Dos días después, formé parte de una enorme multitud reunida en el muelle para presenciar la recepción de las banderas, enviadas con algunos oficiales a bordo del vapor Montevideo. En el mismo barco se trajeron noventa y seis prisioneros, oficiales, según decían, pero no se consideró prudente desembarcarlos hasta que la multitud se hubo dispersado. Las banderas fueron conducidas en forma poco digna, liadas como un envoltorio y llevadas en hombros de dos marineros, tal como un muerto sobre unas andas 9, Los honores de la recepción pública quedaron reservados para el día siguiente, domingo. La población acudió en masse para presenciar una manifestación muy brillante. Todas las tropas que habían quedado en la ciudad y la Guardia Nacional se pusieron en marcha por las calles principales para recibir los trofeos de guerra y escoltarlos hasta la casa de gobierno. El tiempo estaba muy hermoso y la gente demostró todo el entusiasmo de que es capaz el carácter español: cantidad muy grande de cohetes fueron arrojados al aire bajo el cielo azul y la tarde terminó regocijadamente. Había en verdad motivo para regocijarse: Buenos Aires había pasado el peligro de un serio desafío con su enemigo más temible, saliendo innegablemente victoriosa. No puedo, sin embargo, dejar de decir que, para mi, a la satisfacción se mezclaba cierta extrañeza. El sobrio espíritu europeo difícilmente podrá estimar el carácter explosivo y salvaje de las frases que encabezaban el comunicado oficial de la batalla y que decían así: ¡Viva la Patria! ¡Viva Buenos Aires vencedora sobre el caudillaje! ¡Viva el valiente ejército de Buenos Aires cubierto de gloría en los campos de Cañada Rica! ¡Viva el joven y patriota general Mitre! ¡Viva el Gobierno!
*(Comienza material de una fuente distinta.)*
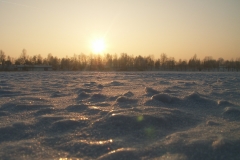 Sosina 2006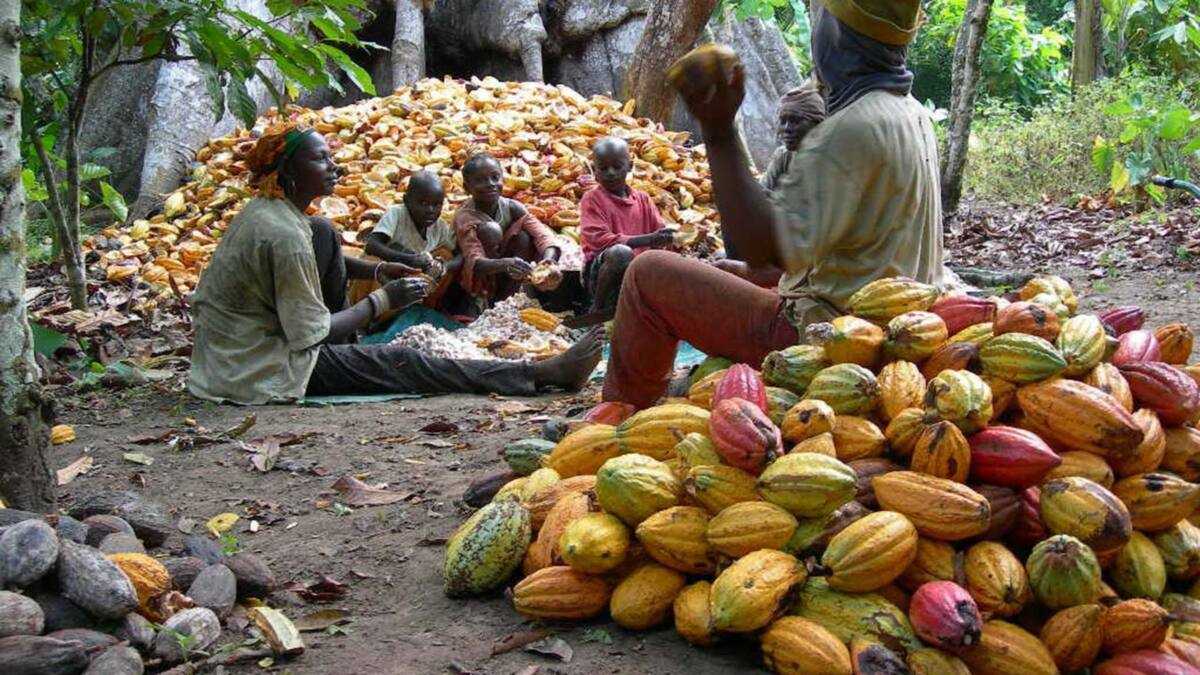 2 000 Farmers To Benefit From Cocoa Production Partnership In Osun 2 000 Farmers To Benefit From Cocoa Production Partnership In Osun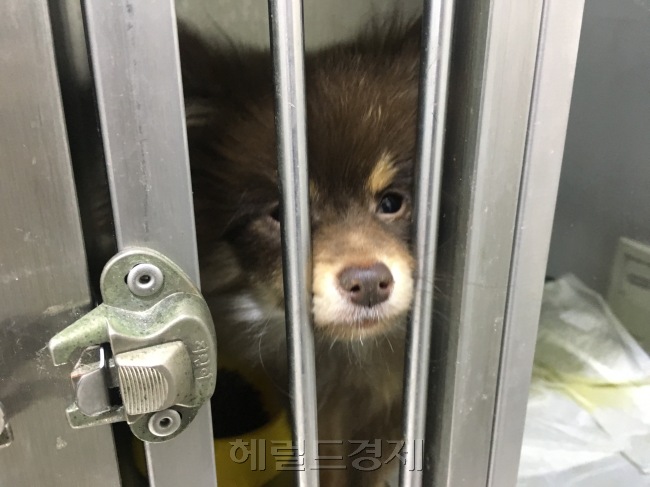 홍익동물병원이 보호 중인 1살 수컷 포메라니안. [사진=김유진 기자/kacew@heraldcorp.com]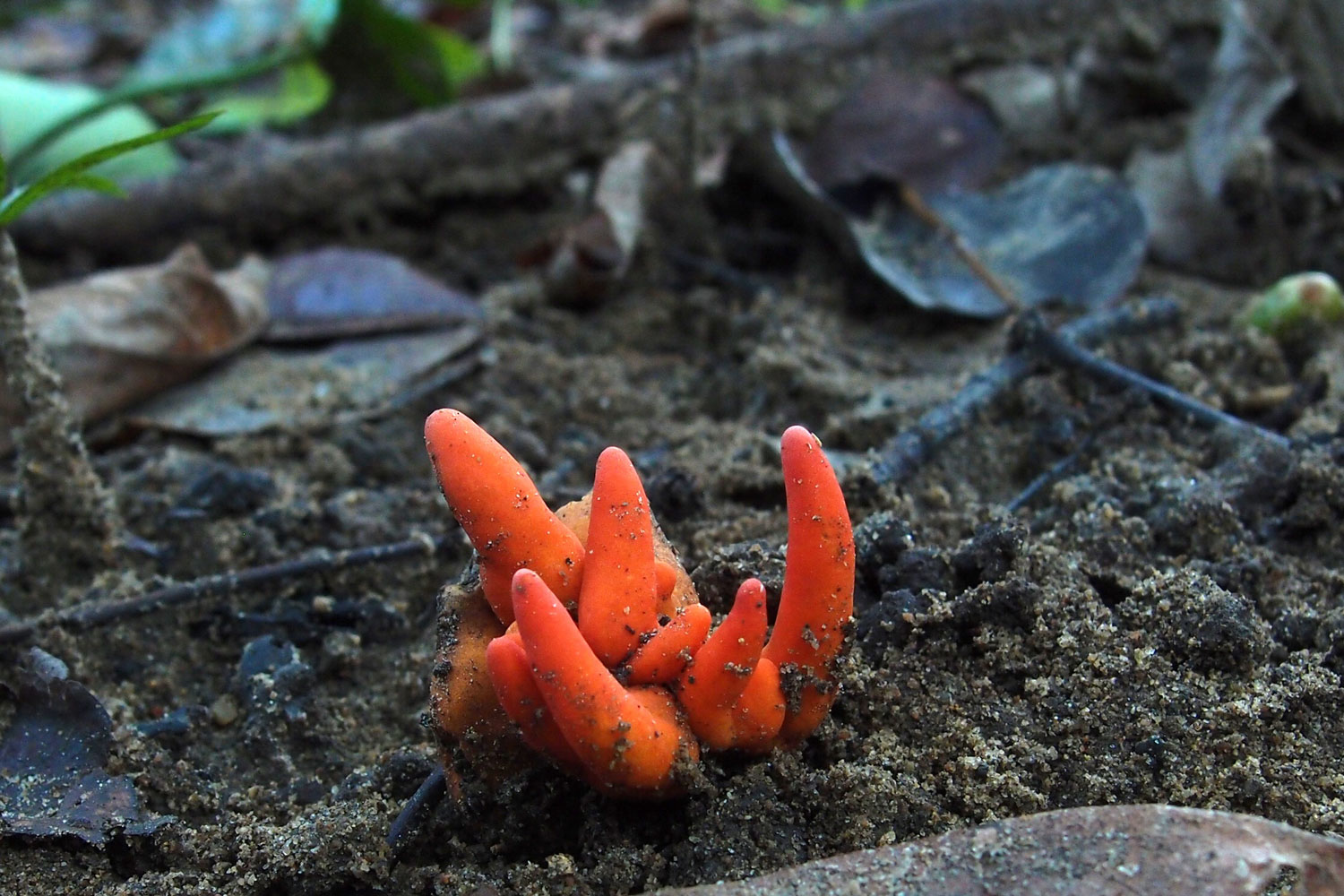 Vibrant red-orange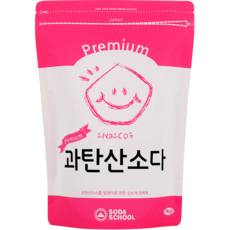 소다스쿨 프리미엄 과탄산소다, 1kg, 1개 생활용품/표백제 반품 최저가 5,850원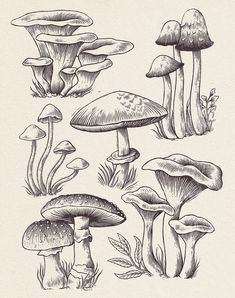 several different types of mushrooms are shown in this hand - drawn illustration, which shows them growing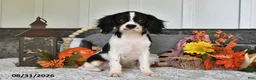 Cavalier King Charles Spaniel dogs for sale: Jaxon - Ad 4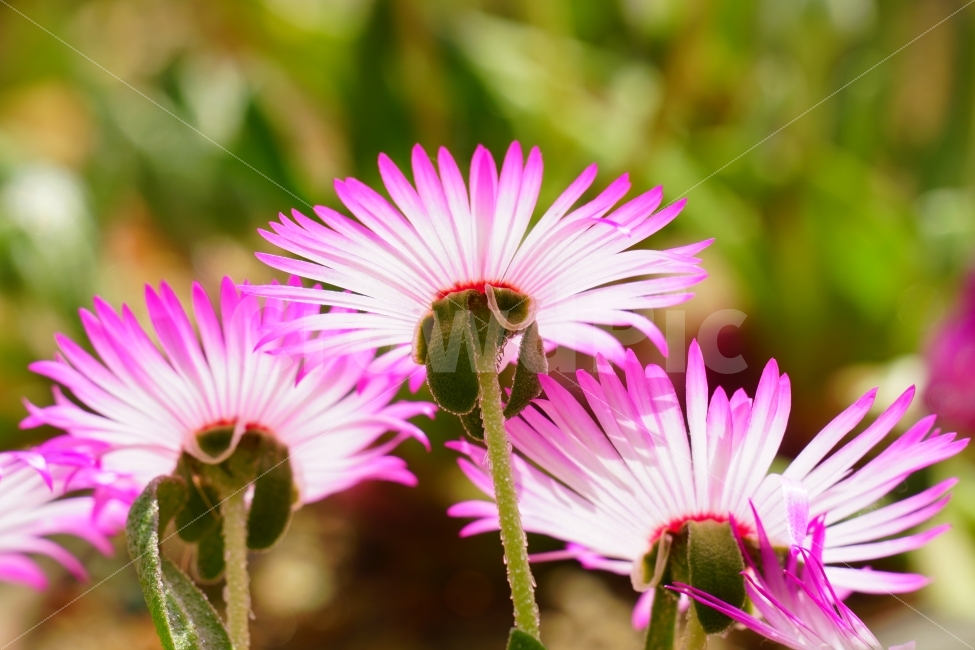 atmosphere,In May,Its bright,bright,feel,Clean,pure,spring,healing,Healing Photos,flower photo,Emotion,Livingstone Daisy,gay,Refreshing,nature,feeling,clean,flower,Emotional photo,refreshing,plant,animated,fresh
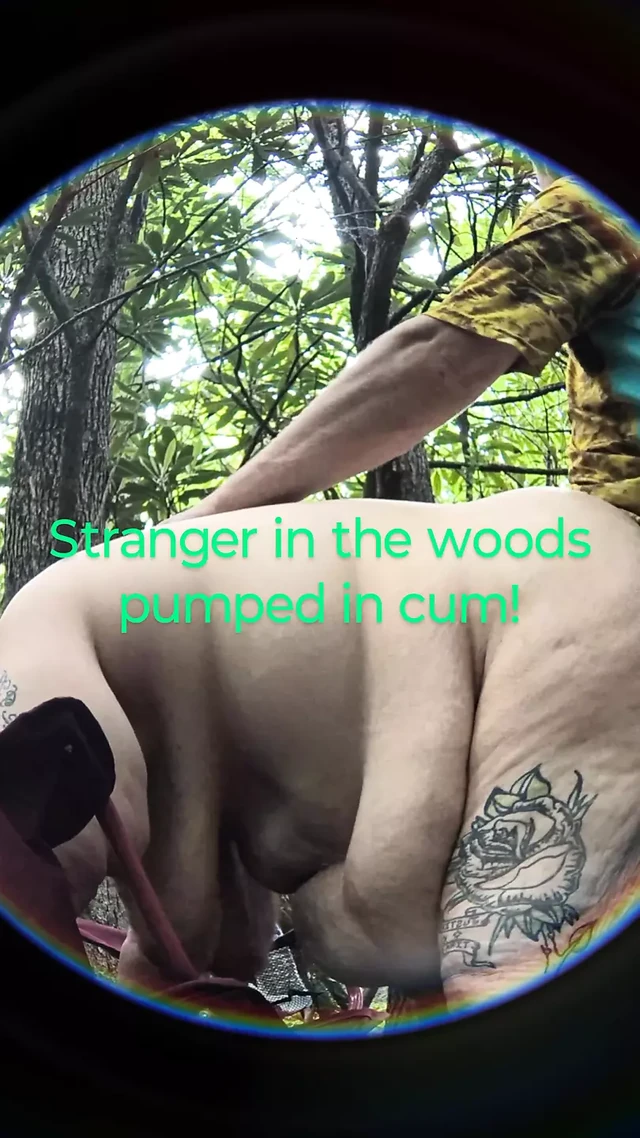 Bended This Stranger Over in the Woods Tree Covered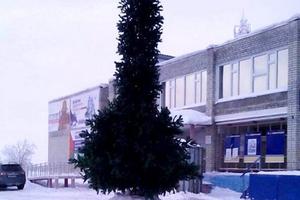 Đỏ mặt với cây thông Noel có hình… 'nhạy cảm'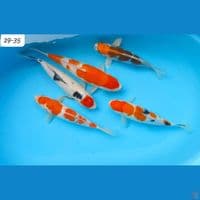29-35cm Paket Hemat 5ekor Th baru 2025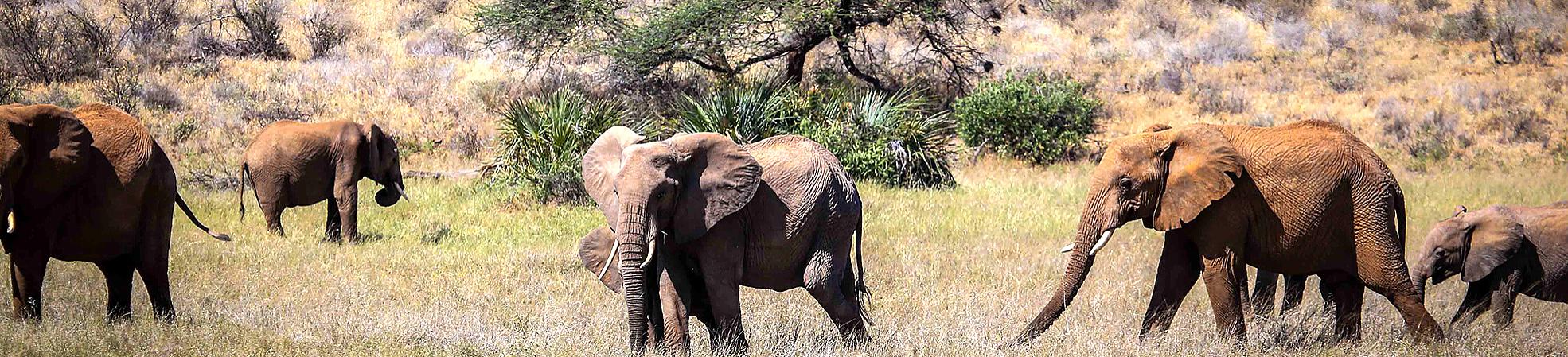Africa Private Tours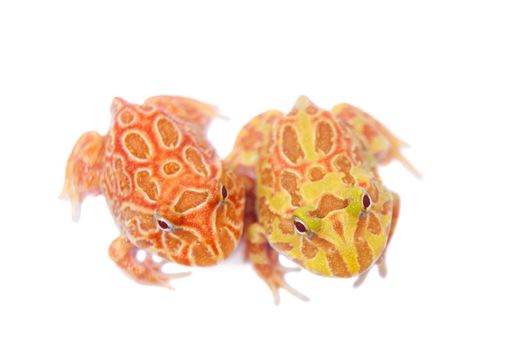 The chachoan horned frog, Ceratophrys cranwelli, isolated on white background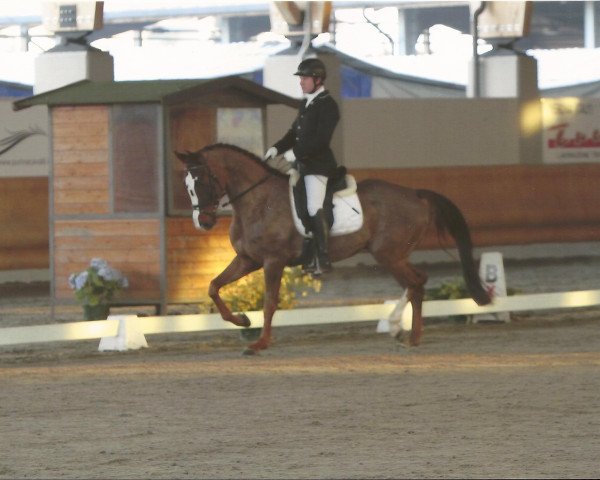 horse Dippel dei Castellani (Italian Warmblood, 2009, from Don Diamond)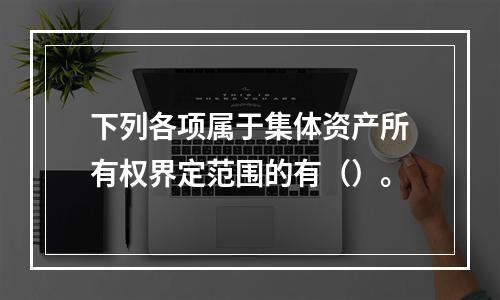 下列各项属于集体资产所有权界定范围的有（）。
La crisis inmediata había sido salvada pero la campaña militar proseguía. El coronel Gelly, ministro de guerra, ayudado por el valiente editor de La Tribuna salieron a reunir la caballería dispersa. Supúsose que la tarea sería fácil porque los hombres de Urquiza habían sido batidos nuevamente. Entre tanto, nosotros gozamos de un relativo reposo y jugamos algunos partidos importantes de cricket a despecho del sol. Habiendo abandonado mi proyecto de viaje al Paraguay, por el momento volví mi atención otra vez al Brasil; y pensando que había visto muy poco de aquella deliciosa parte del mundo, decidí aprovechar la estación y ver todo cuanto me fuera posible durante los próximos dos meses en el interior de las montañas Organs.



Nota. — El 27 de setiembre Hinchliff se embarcó para el Brasil donde permaneció hasta el 8 de noviembre, fecha en que emprendió viaje nuevamente al río de la Plata, según se da cuenta en el capítulo que el lector encontrará a continuación. Como la presente versión sólo incluye los capítulos relativos al país argentino, no se han traducido los cuatro capítulos que refieren las andanzas del autor por tierra brasileña.